▶

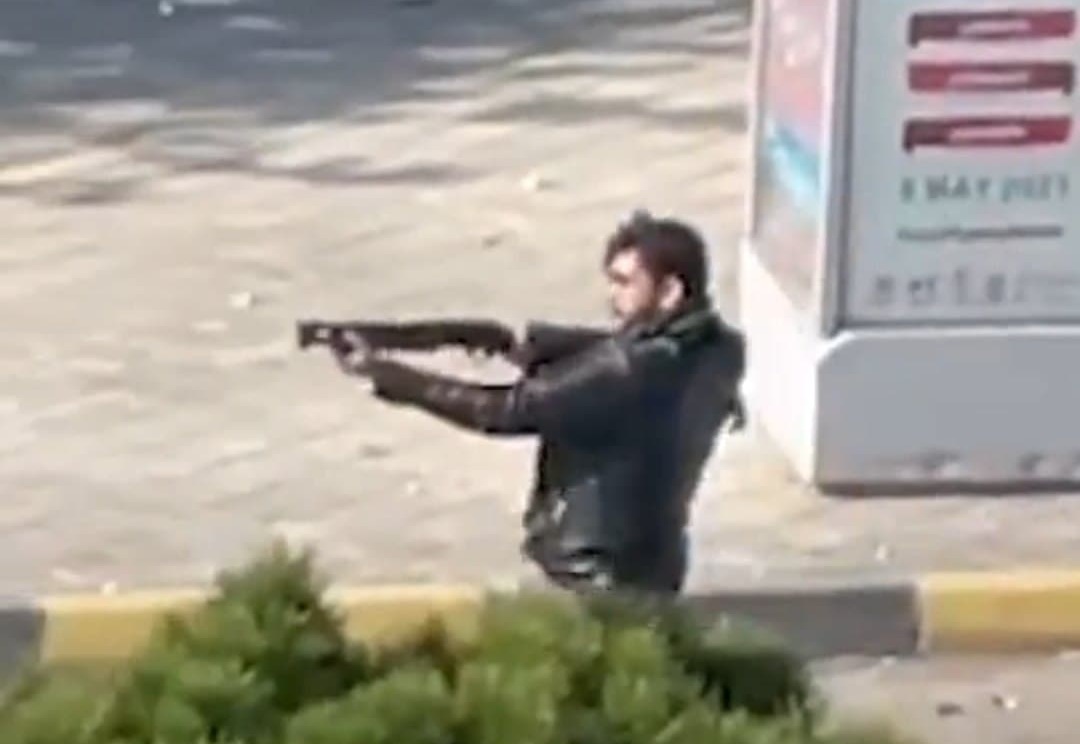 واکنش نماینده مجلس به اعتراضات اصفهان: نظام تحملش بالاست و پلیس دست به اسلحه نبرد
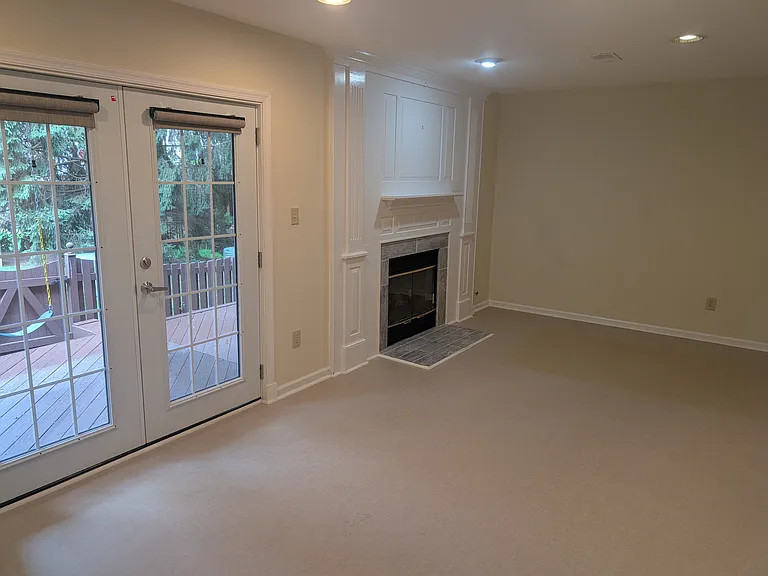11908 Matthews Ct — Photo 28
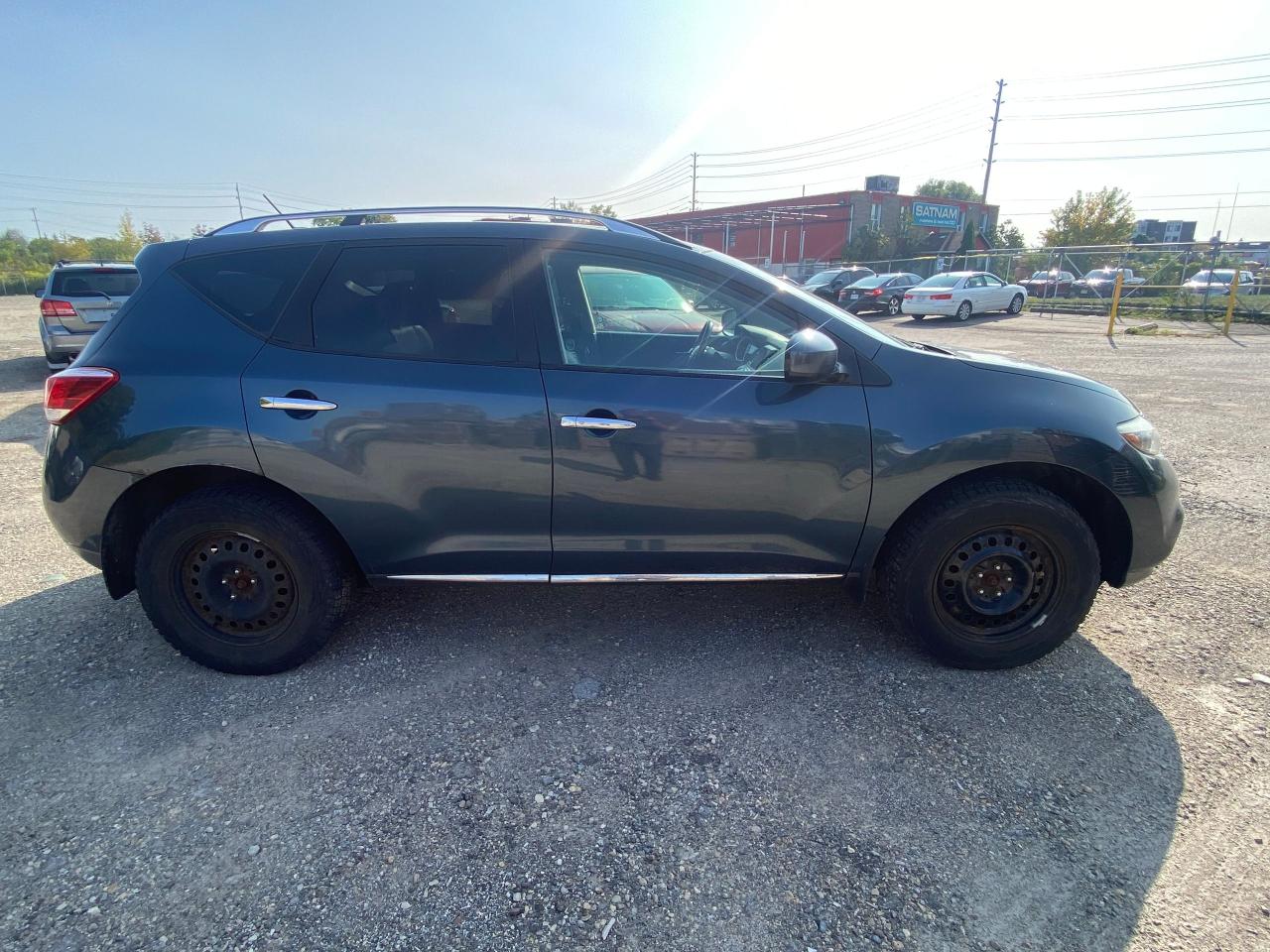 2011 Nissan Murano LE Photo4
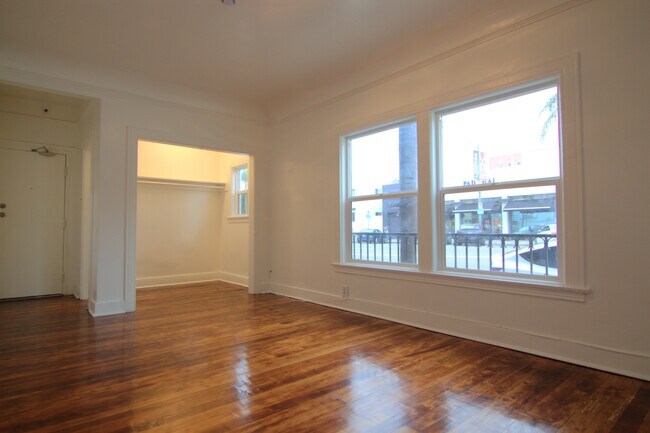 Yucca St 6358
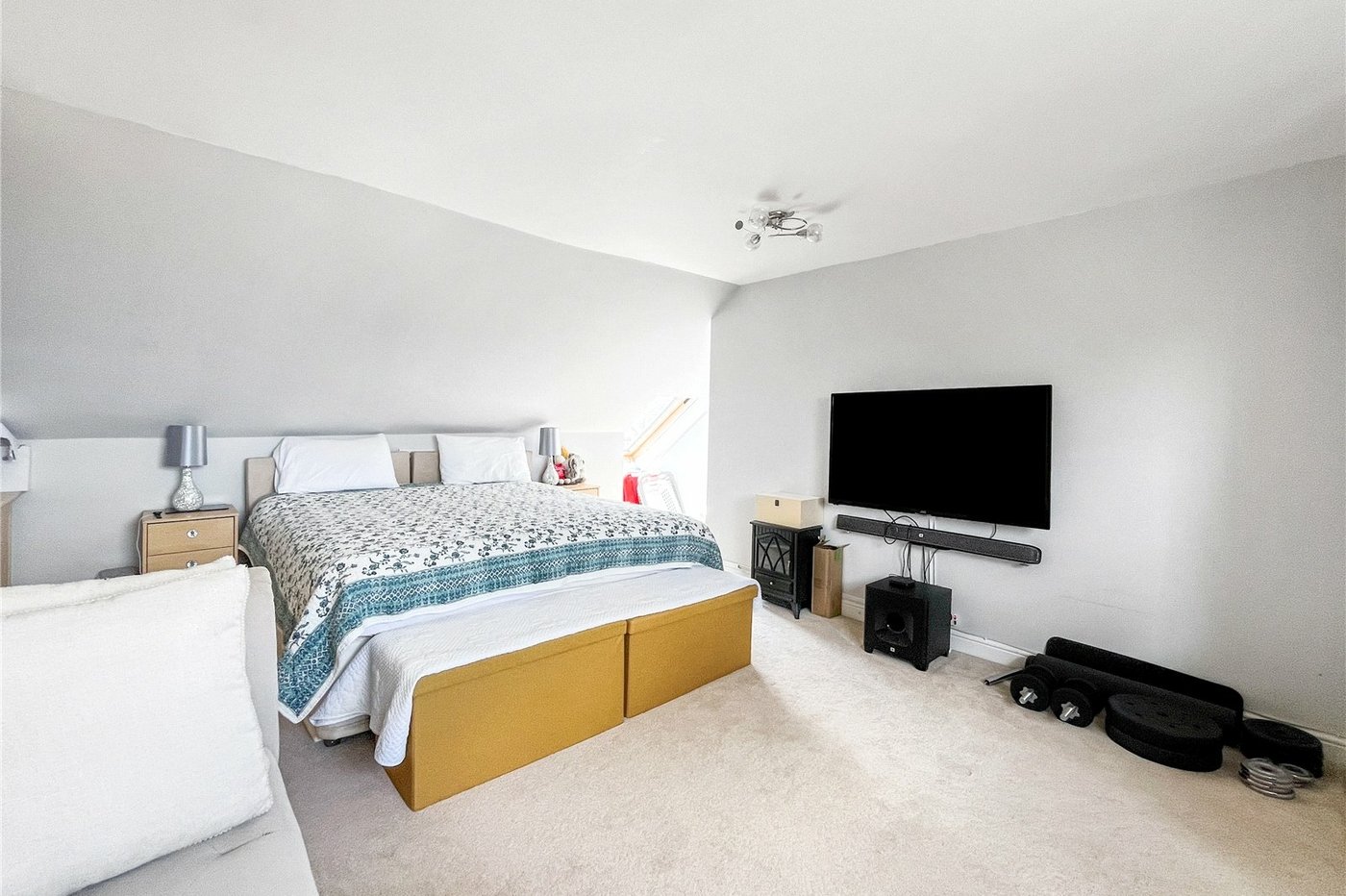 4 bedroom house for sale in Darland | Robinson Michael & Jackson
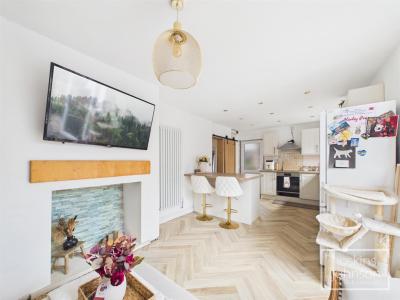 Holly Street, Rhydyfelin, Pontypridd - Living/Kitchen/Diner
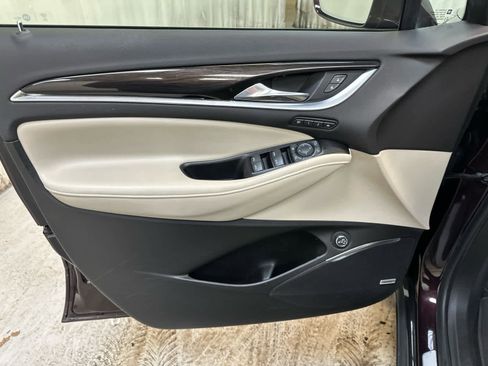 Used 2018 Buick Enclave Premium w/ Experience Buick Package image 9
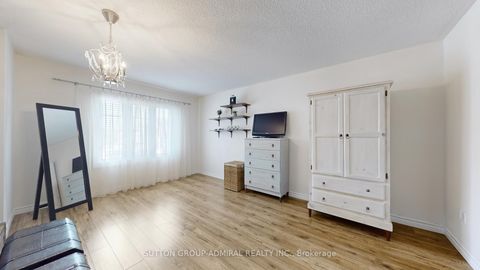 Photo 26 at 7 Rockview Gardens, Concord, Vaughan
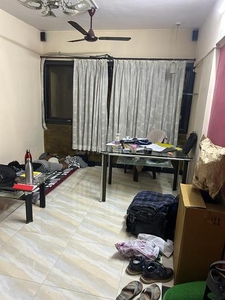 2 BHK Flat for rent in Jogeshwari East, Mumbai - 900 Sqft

◀

## ACTIVITY
The records above should be duplicated exactly, with none of their pictures kept.

## EXERCISE RESULT
 واکنش نماینده مجلس به اعتراضات اصفهان: نظام تحملش بالاست و پلیس دست به اسلحه نبرد
11908 Matthews Ct — Photo 28
 2011 Nissan Murano LE Photo4
 Yucca St 6358
 4 bedroom house for sale in Darland | Robinson Michael & Jackson
 Holly Street, Rhydyfelin, Pontypridd - Living/Kitchen/Diner
 Used 2018 Buick Enclave Premium w/ Experience Buick Package image 9
 Photo 26 at 7 Rockview Gardens, Concord, Vaughan
 2 BHK Flat for rent in Jogeshwari East, Mumbai - 900 Sqft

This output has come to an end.